From white drums put up on the dividing line to demarcate the territory of two nations separated at a bloody birth in 1947 to today's plush, gigantic integrated check post (ICP), the India-Pakistan border at this Amritsar town has run through the history of the subcontinent in both profound and hugely symbolic ways.
But today there are urgently practical considerations as well, and officials on both sides of the Attari border would hope that the ICP acts as a facilitator of goods' and people's movement along with a symbol of hope.
When the British left, the border - running through two Punjabs - saw lakhs of refugees, many desperate to escape the unspeakable violence Partition unleashed, cross over to a new country and a new beginning.
The ICP - which is being seen as India's gateway to central Asia and connects Pakistan through new gates built on the left of existing historical gates of the earlier check post - promises state-of-the-art facilities for India-Pakistan trade and people crossing over.
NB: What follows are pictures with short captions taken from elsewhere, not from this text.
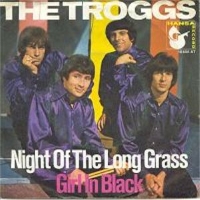 Night Of The Long Grass - The Troggs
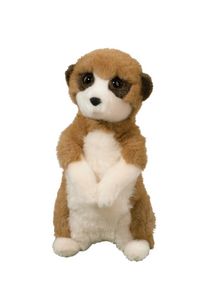 Enzo Meerkat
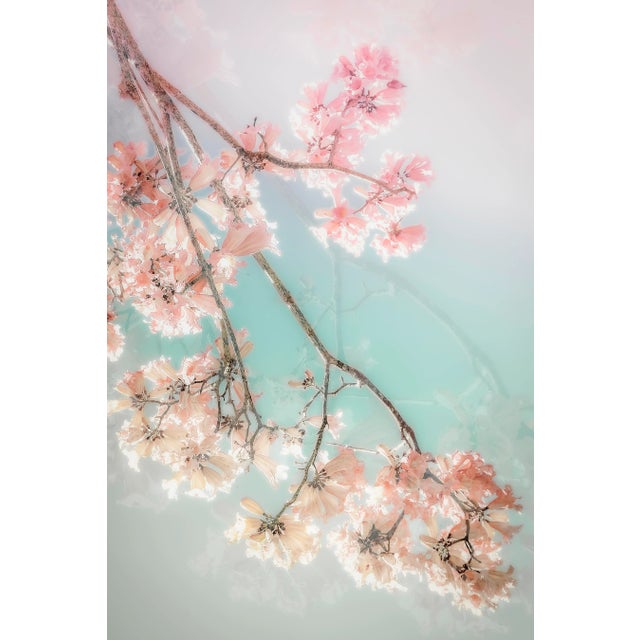 On a CLoud, 75x50 Contemporary, FIne Art Photography by Kristin Hart For Sale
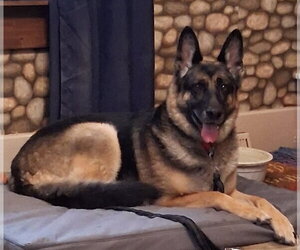 German Shepherd Dog-Unknown Mix Dogs for adoption in Fort Wayne, IN, USA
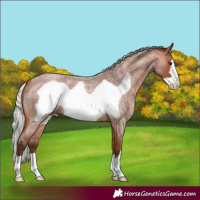 Horse Color:Silver Bay Roan Frame 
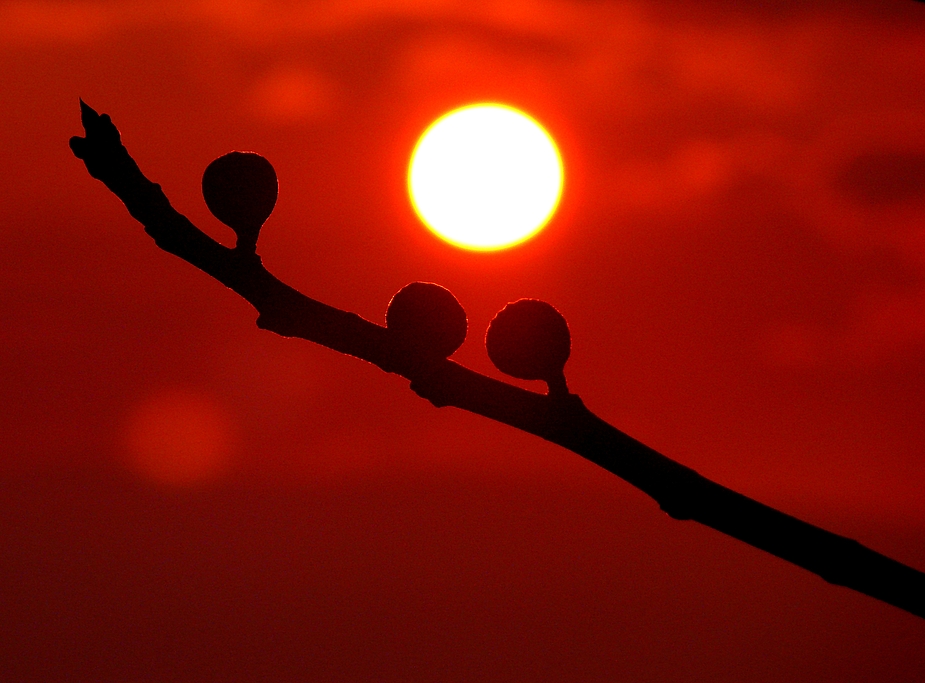 Feigen in der Abendsonne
Though the potential on these fronts is great, the success of the ICP story will depend largely on the trade policies the two governments adopt and the future relations between the nations, which have a history of deep mistrust.
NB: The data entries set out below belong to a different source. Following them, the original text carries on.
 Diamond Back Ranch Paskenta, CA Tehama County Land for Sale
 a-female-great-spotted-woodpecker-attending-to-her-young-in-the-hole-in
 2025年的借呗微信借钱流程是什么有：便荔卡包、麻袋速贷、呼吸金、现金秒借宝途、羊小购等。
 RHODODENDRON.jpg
With India deciding to set up 13 ICPs on its various borders, the one at Attari in Punjab's Amritsar district will be the first one to be unveiled on April 13 by union home minister P Chidambaram. Senior officials from Pakistan including commerce minister Makhdoom Fahim and Pakistan's Punjab chief minister Mian Muhammad Shahbaz Sharif are expected to take part in the ceremony.
There are, however, already murmurs of discontent from the Indian trading community as Pakistan has permitted import of only 137 items from India through Attari.
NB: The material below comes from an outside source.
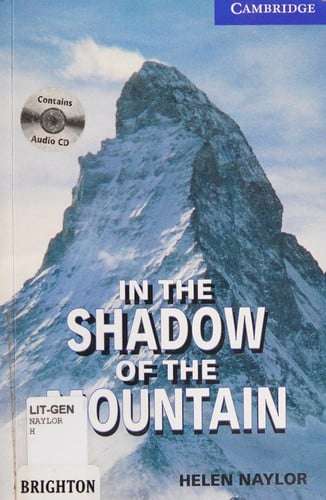 In the Shadow of the Mountain Level 5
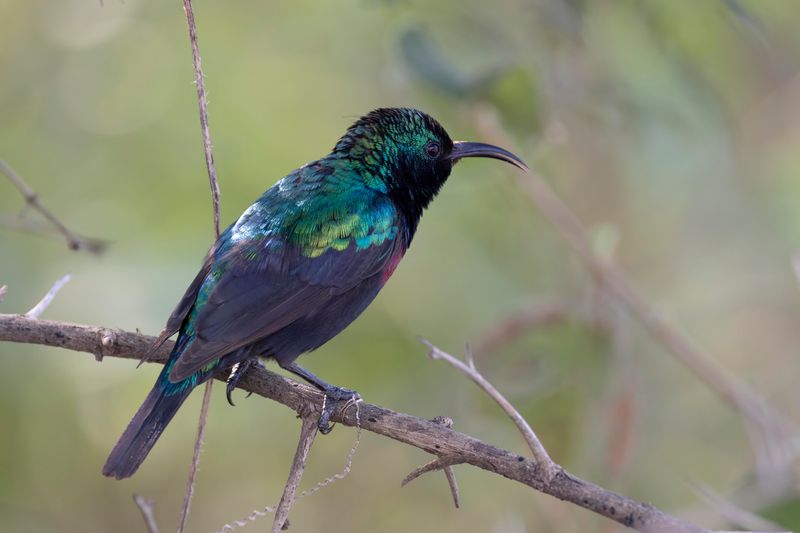 Southern Double-collared Sunbird.  South Africa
India has no such restrictions on Pakistani imports. There is a feeling among Indian traders that for the border to be a real game-changer, it must be free from all such restrictions.
Gunbir Singh, member, Confederation of Indian Industry council on public policies, said though the newly built ICP had "fantastic infrastructure", it was "shocking" that Pakistan has allowed India to export just 137 items from this route.
The making of the ICP
In 2006, in a bold initiative, India and Pakistan gave the green signal to cross border truck movement, with trucks allowed to go till storage godowns of the neighbouring country.
As a result, hundreds of trucks carrying vegetables, onions, potatoes and other commodities started rolling into Pakistan.
Thereafter, talks started between India and Pakistan to build an ICP at the Wagah border (Attari) to further facilitate such movement.
The dilapidated infrastructure at the border was also a hindrance to passenger movement.
It was then decided that the newly built ICP of India and Pakistan would be connected through a new gate at the Indian side of the border.
While the ICP built by India is spread across 121 acres, the corresponding structure on the Pakistani side covers just nine acres.
However, as both India and Pakistan ICPs will be connected through new gates, trade and passenger movement will shift to the new gate.
"Now we have sheds for jathas (pilgrims) who travel between the two nations," said deputy commissioner, customs, Attari border, RK Duggal. "Also, people can wait at the ICP. Earlier there was no waiting area."
As trade movement and passenger traffic shifts to the ICP, the old gates at the Wagah border are likely to be utilised only for the famous retreat ceremony.
The spectator gallery is expected to be expanded from the current seating capacity of 7,000-8,000 to about 12,000.